PSALM 99 - The Avenger Now Playing

Oh, Lord our God, You answered them. You were a forgiving God to them, but an avenger of their wrongdoings. Exalt the Lord our God and worship Him at His holy mountain, for the Lord our God is holy!  (Verses 8-9)

I received a disturbing email yesterday. It crushed my heart. Made my stomach turn suddenly sick. A friend who struggles with a failed marriage and the repercussions of devastating abandonment is in jail. I know pain put her there. Grabbed her by the hair and dragged her into hell--the same one from which she was rescued a decade and a half ago. Jesus found her then. Still loves her now. Jail just might be the safest place on earth for my precious friend right now. Just because God is an avenger of our wrongdoings doesn't mean He has given up on us. In fact, I think it could mean quite the opposite. Because a holy God wants holy children. And my friend might just find her sanctification in her incarceration. No place to run but to Him nowadays. She is captive to His calling.

I think about the very people this psalm recalls. Moses and Aaron. At Meribah, the children of Israel balked again at their journey with a planned mutiny against their leaders. This time, however, when God's glory descended upon the tent of meeting and He spoke with Moses, His instruction was for Moses to speak to the rock, not strike it as before. In the heat of the moment, however, and in his great irritation with the complaining and grumbling masses he was called to deliver through the wilderness and into the promised land, Moses castigated them: "Hey, you rebellious whiners, shall we bring you water from this rock?" Then Moses used his staff to strike the rock twice, in anger and disobedience. God, in His mercy, gave them abundant water. But He wasn't done with Moses and Aaron. "Really?" God charged them. "You would strike Me, Your Rock, when I told you to speak the water into existence? And you would take credit for the water that flowed forth as though your anger and my power co-exist?"

Moses calmed down. Looked at his own sin. Presumption. Pride. "You won't walk these people into the promised land, now, son," pronounced His God. "Only I, the holy God, can bring them provision.

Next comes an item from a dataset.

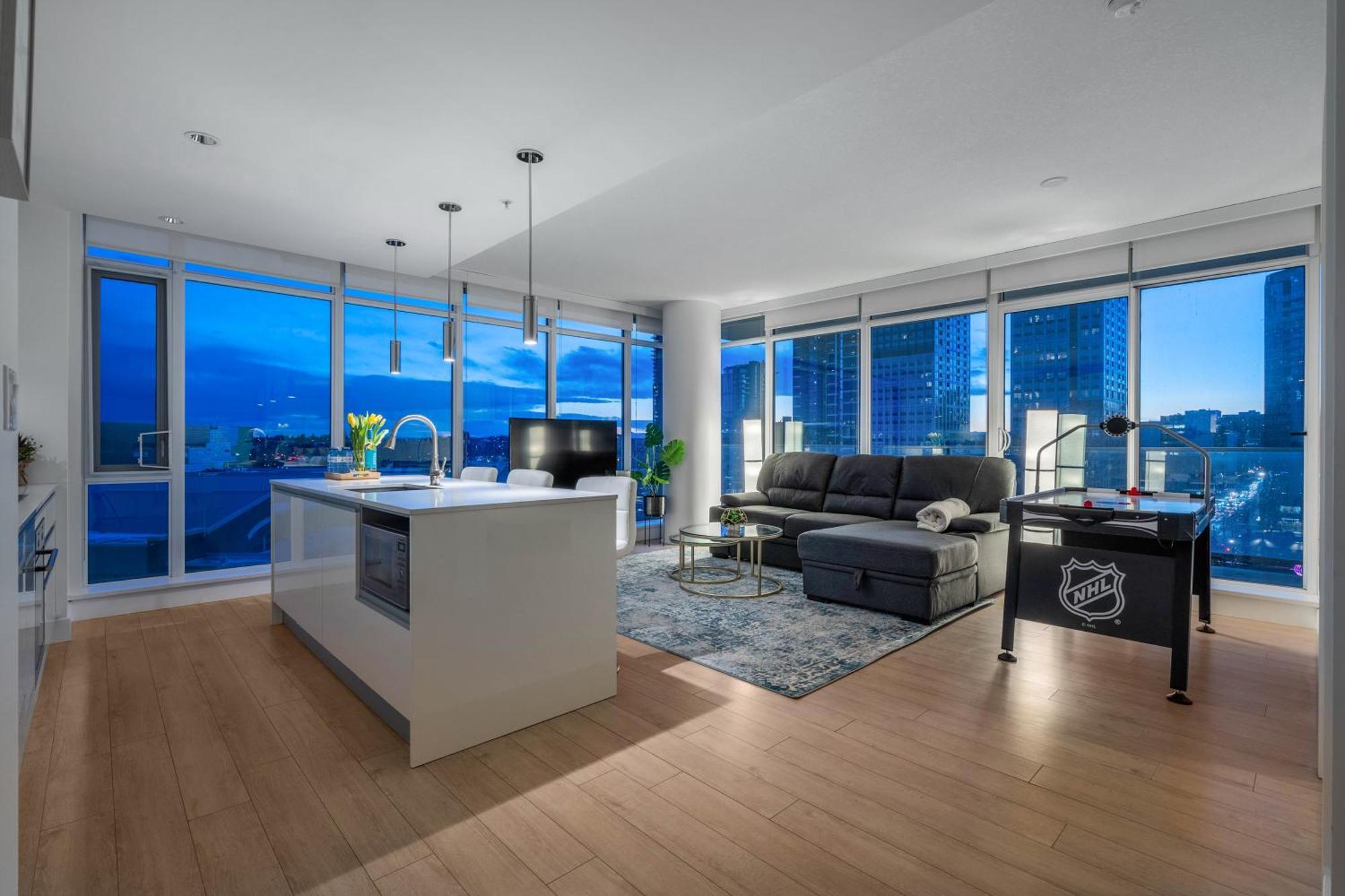 Luxury On The 9th Floor Near Stampede, Complimentary Wine, 2 Car Ug Parking Appartement Calgary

You didn't believe Me when I told you to speak to the rock. You have misrepresented Me to this entire nation. And this is how I will avenge your sin."

Moses got to see the Holy Land from a distance, but he didn't enter it. He was, however, taken up to his God to live there eternally. Will have, it seems, some place in the end of all things, too, as Jesus saw him on the Mount of Transfiguration. But on this earth, it mattered that He presumed upon a holy God. And God avenged that wrong. Made him pay a price for what he did.

What could be God's motive in such a thing? Why would He allow my friend to now sit in jail, probably onto prison, when He loves her? Sometimes we need rescue from ourselves. Perhaps her out of control behavior would have ultimately killed her or someone else. But I remember thinking about Jim Baker as he sat in prison for fraud. Realizing that God cared more about the evangelist's holiness than about his ministry. That the wrong perception of God Baker gave the people to whom he ministered made God sick in the same way the misrepresentation of Moses did. Humbled, Baker still ministers. God still loves him. Avenged his wrongs. Let him suffer the consequences of his choices. But never left him. Baker is His kid. So is my friend. So am I. That doesn't change. No matter what the rap sheet and the mug shot say.

Oh, I know some would argue that if these people were Christians in the first place they wouldn't do such heinous things. Be careful, though. David, Peter, Noah, Moses, Samson, Saul, Paul, Abraham and on and on they go. The imperfects of the Bible stories. Men and women of great destiny and purpose who screwed up. Big time. The earthly consequences were exacted, but they didn't lose their holy God. There was never a day when He wasn't working out their salvation. And they--with fear and trembling before God's need for justice.

Those of us who know Jesus can't just live any old way and get away with it. Not because He can't wait to pummel us, but because we are now members of the family of God. We carry His name into everything we do, all the time. How much would He love us if we were left to be hellions in the supermarket, disobeying His every command, continuing in our pride and rebellion? Very little, I'm afraid. Jesus must grow us up. Adult babies are not a joy to their parents or to the world. And God is more interested in our becoming like Him than He is about what people think of us. Jesus died for our screw ups. The ultimate payment--avenging--of our sins was paid in full by Him at Golgotha. So we don't bear the eternal weight of what we do here on Earth, but we often struggle with the consequences of our actions because God wants us purified, restored and healthy, happy kids of the kingdom. That is ultimately why my friend sits in jail. Because her Abba loves her too much to let her continue in her folly.

Enemy, don't laugh at me. I have fallen, but I will get up again. I sit in the shadow of trouble now, but the Lord will be a light for me. I sinned against the Lord, so He was angry with me, but He will defend my case in court. He will bring about what is right for me. Then He will bring me out into the light, and I will see Him set things right.  Then my enemies will see this, and they will be ashamed, those who said to me, "Where is the Lord, your God?"